M3 - Automated Taint Tracking for Accurate Detection of Security Weaknesses

Description

Use existing code to track a susceptible data value across a program.

Courses Where This Module Is Integrated

Activities 

Pre-lab Content Dissemination 

Our previous module taught us why bugs and security vulnerabilities must be proactively discovered. Even though there is a wide range of tools, we need to track the flow of data to find a bug or a vulnerability accurately. One approach to accurately finding a bug or a vulnerability is taint tracking, where we designate a taint and then track the taint across a program. In this workshop, we will develop a program that uses existing code provided by the PI (Akond Rahman) to track a taint, i.e., a data value.  

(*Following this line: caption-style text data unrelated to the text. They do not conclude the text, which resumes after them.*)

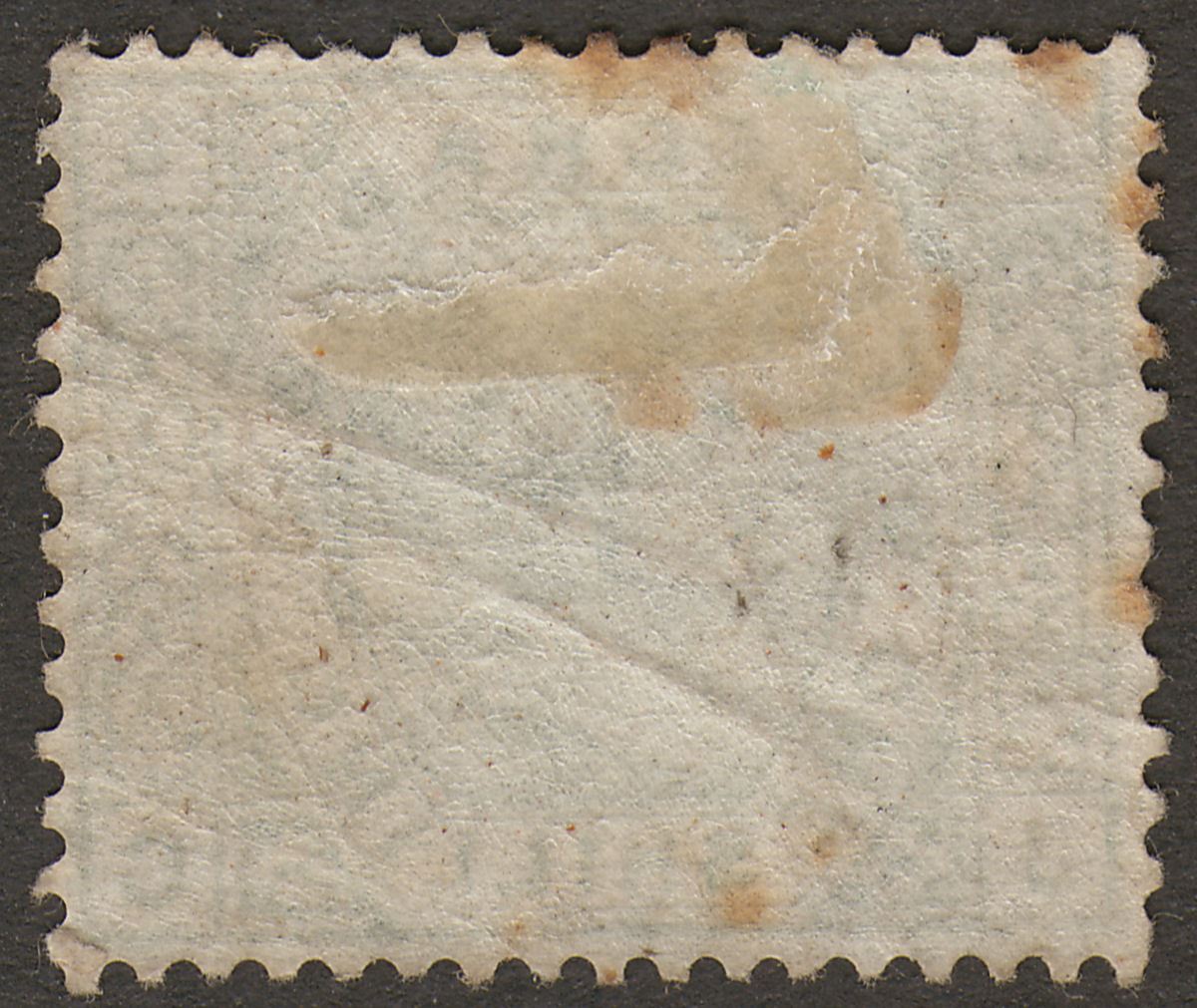 QV 1876 Telegraph Stamp 1sh Green plate 6 Mint SG T8 cat £100 faults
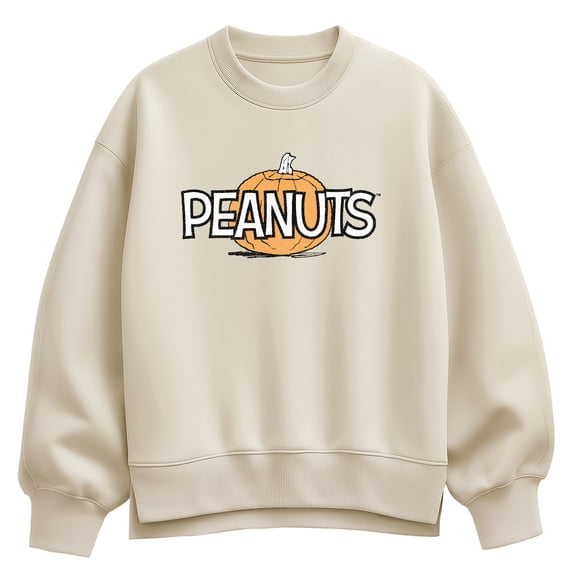 Peanuts - What Costume? Oversized Fleece Crew Sweatshirt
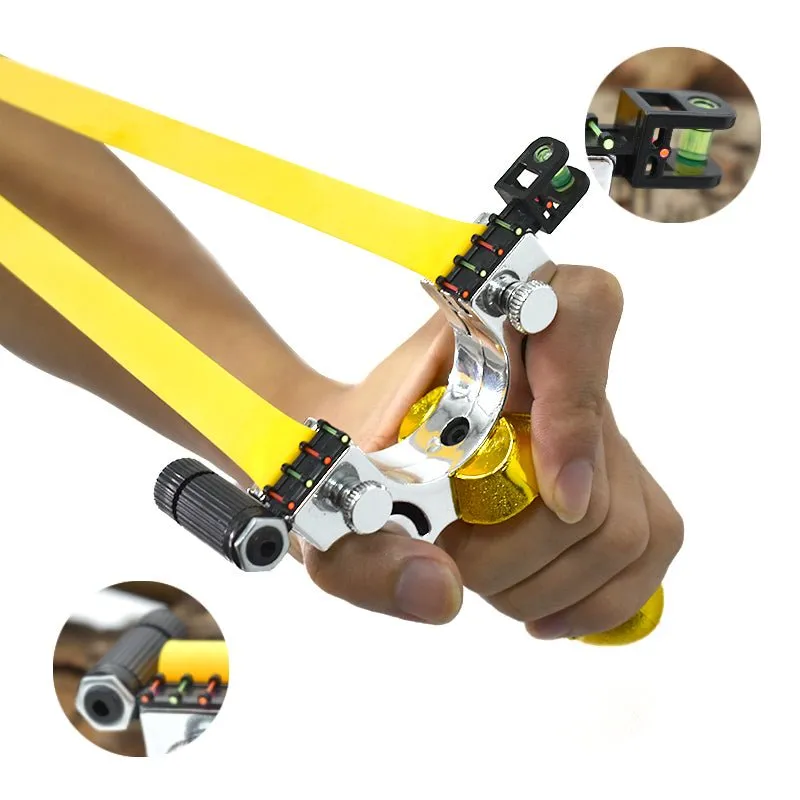 Portable Resin Strong Fiber Material Slingshot For Outdoor Target Shooting And Fishing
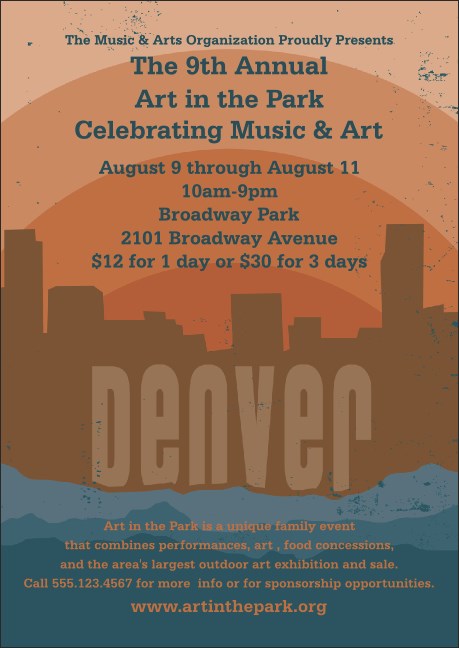 Denver Club Flyer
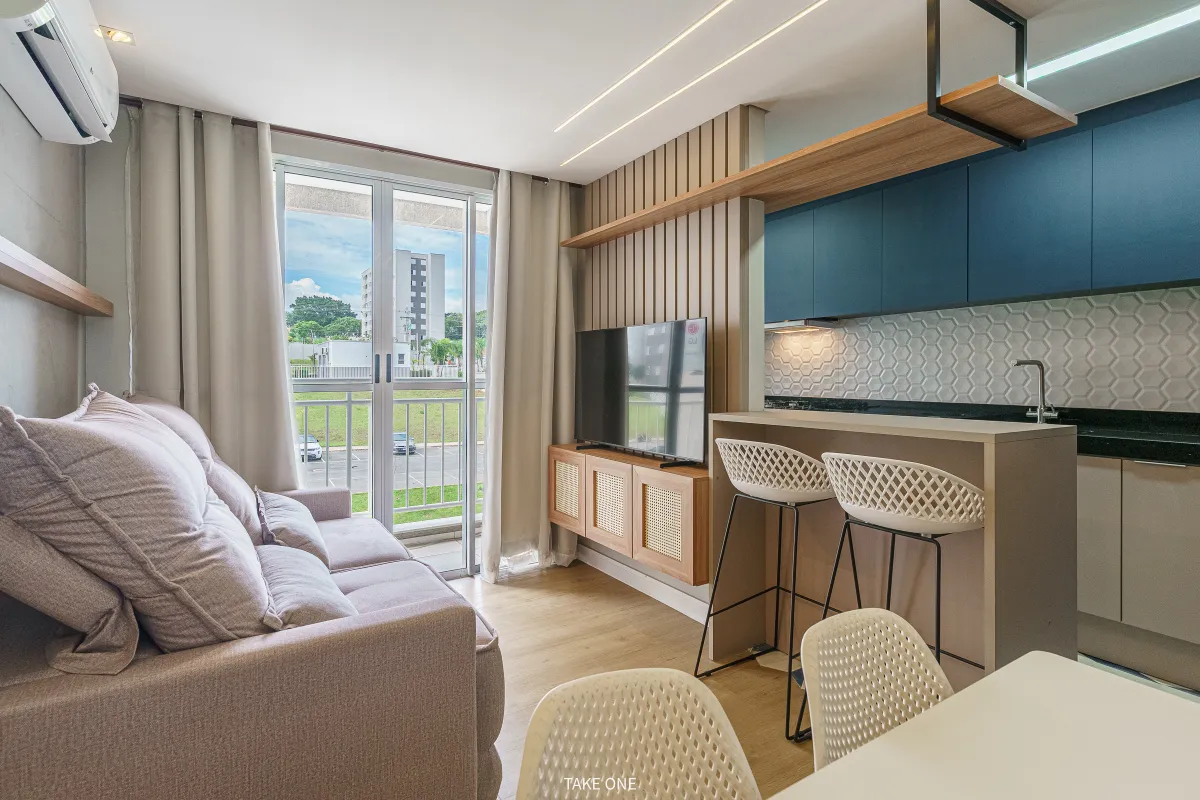 Apartamento para venda em Jardim das Cerejeiras com 2 quartos, 45m²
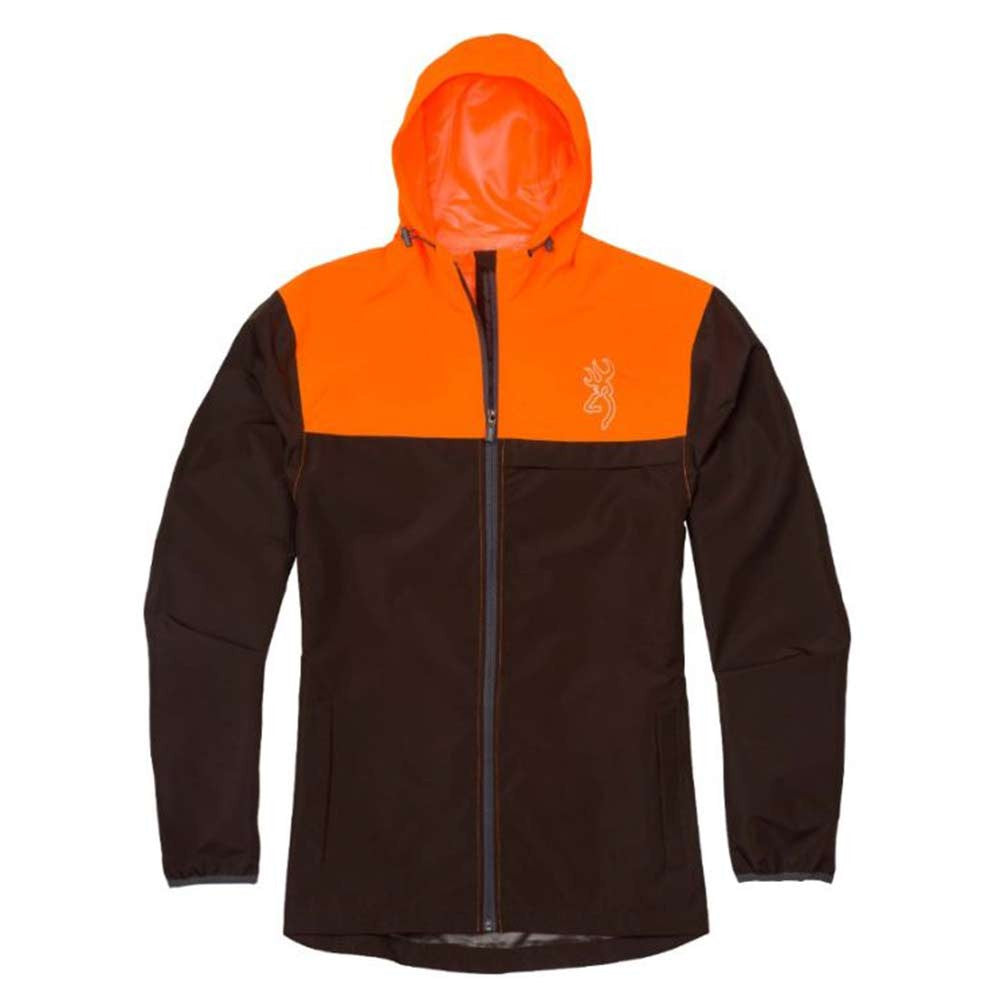CFS Rain Jacket Image in Blaze Chocolate Blaze-Chocolate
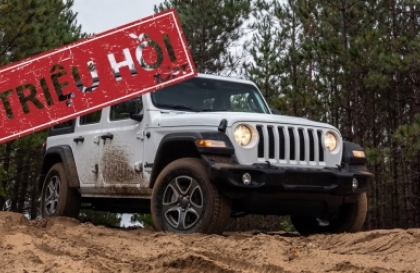 Triệu hồi Jeep Wrangler và Gladiator vì nguy cơ nứt mâm hợp kim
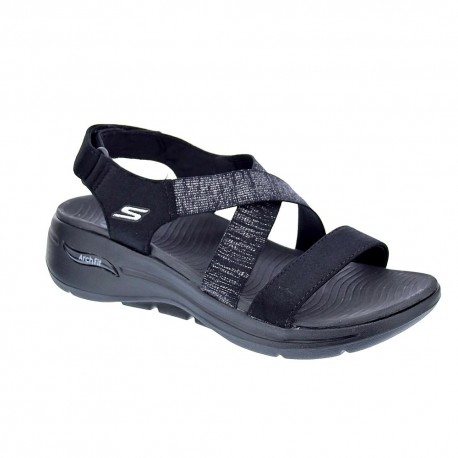 Sandalias Skechers zapatos Mujer modelo Go Walk Negro 
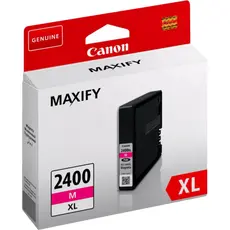 4 - Картридж чернильный Canon PGI-2400XL, 19мл, Пурпурный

In-class Hands-on Experience 


Code Understanding: The cal.py program demonstrates that we have a main function that will call a function called "simpleCalculator."  the function will calculate the provided data depending on its operator, which is given in the function parameter. So "simpleCalculator" functions receive three parameters: v1, v2, and operation.

# cal.py


def simpleCalculator(v1, v2, operation):

   res = 0

   if operation=='+':

       res = v1 + v2

   elif operation=='-':

       res = v1 - v2

   elif operation=='*':

       res = v1 * v2

   elif operation=='/':               

       res = v1 / v2

   elif operation=='%':               

       res = v1 % v2

   return res

Now, we will call this "simpleCalculator" from the main function as we have an entry function main and will get the result from the simpleCalculator function and print the values.

# cal.py

if __name__=='__main__':

   val1, val2, op = 1000, 1, '+'

   data = simpleCalculator(val1, val2, op)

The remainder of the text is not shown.